Records shown:

......

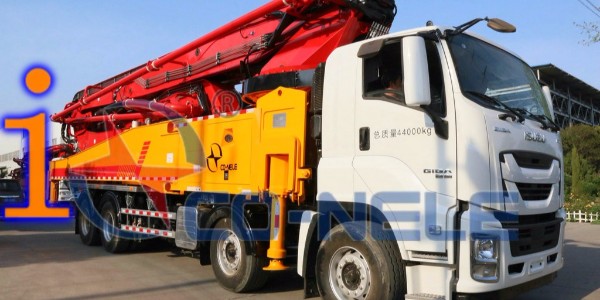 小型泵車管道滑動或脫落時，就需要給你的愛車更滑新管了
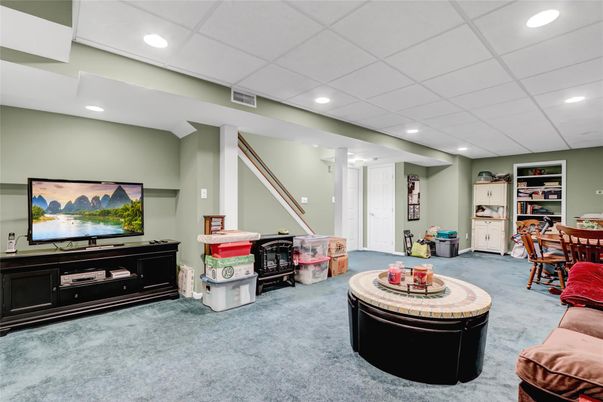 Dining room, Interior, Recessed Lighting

......

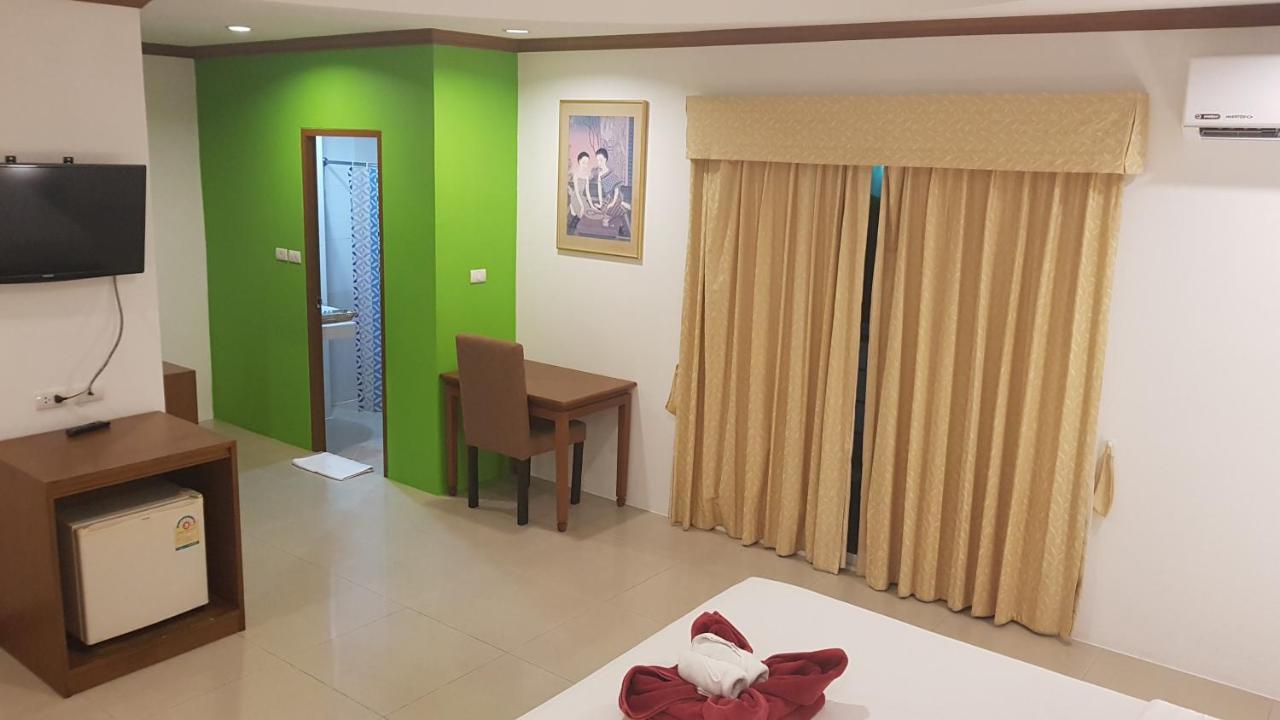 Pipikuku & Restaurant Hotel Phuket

......

Problem requirements:
Each line from the one that contains "小型泵車管道滑動或脫落時，就需要給你的愛車更滑新管了" down to the one that contains "Dining room, Interior, Recessed Lighting" is to be returned exactly as it stands above, both ends included, with pictures removed.

Answer box:
 小型泵車管道滑動或脫落時，就需要給你的愛車更滑新管了
 Dining room, Interior, Recessed Lighting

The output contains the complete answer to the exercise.